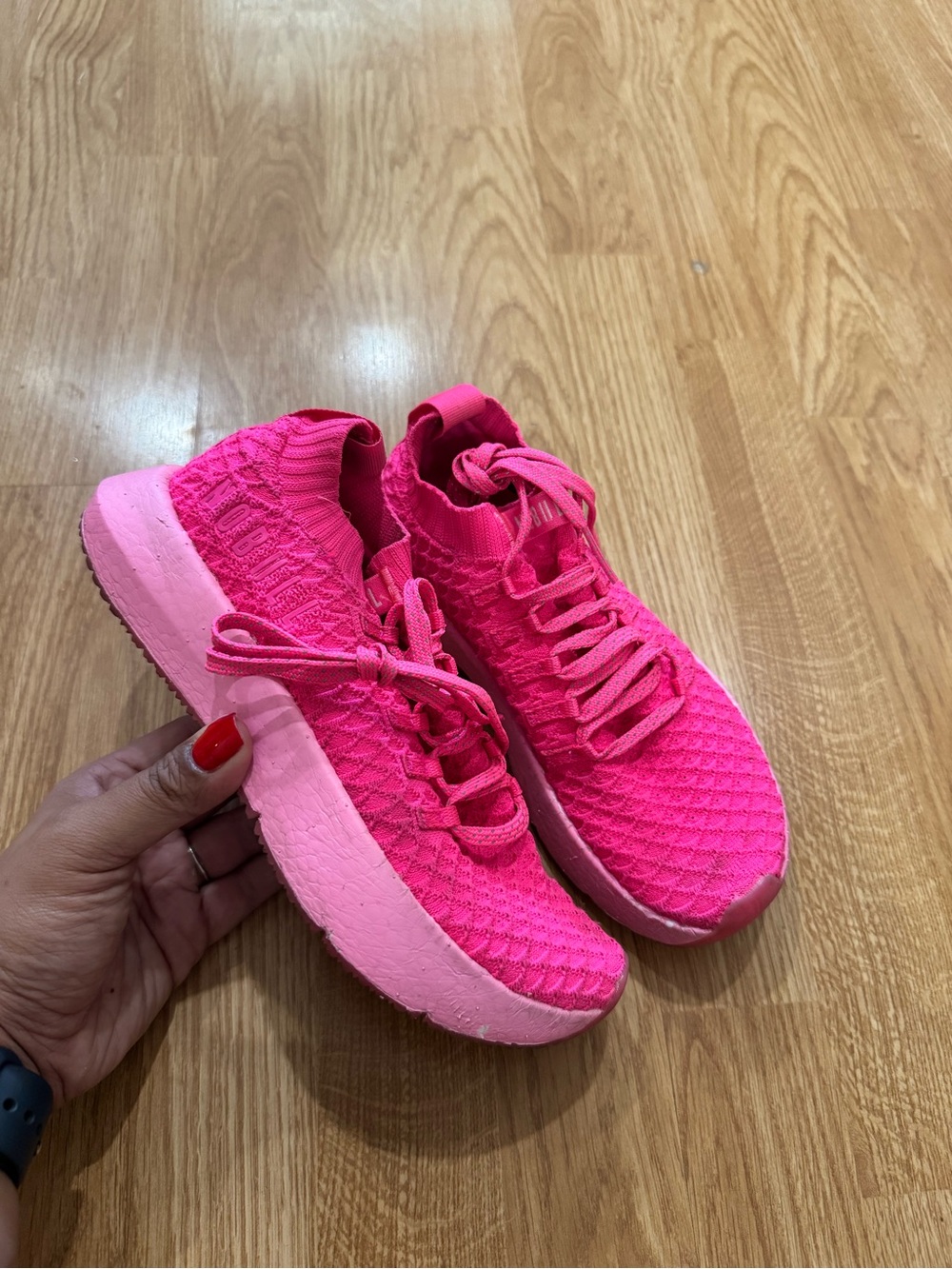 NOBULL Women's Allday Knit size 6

==

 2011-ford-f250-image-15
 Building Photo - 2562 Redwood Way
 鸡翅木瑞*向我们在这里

§ **Goal of the exercise**
Copy only this part of the entries above: the line with "2011-ford-f250-image-15", the line with "鸡翅木瑞*向我们在这里", and the lines between, all exactly as written.

§ **Your solution**
 2011-ford-f250-image-15
 Building Photo - 2562 Redwood Way
 鸡翅木瑞*向我们在这里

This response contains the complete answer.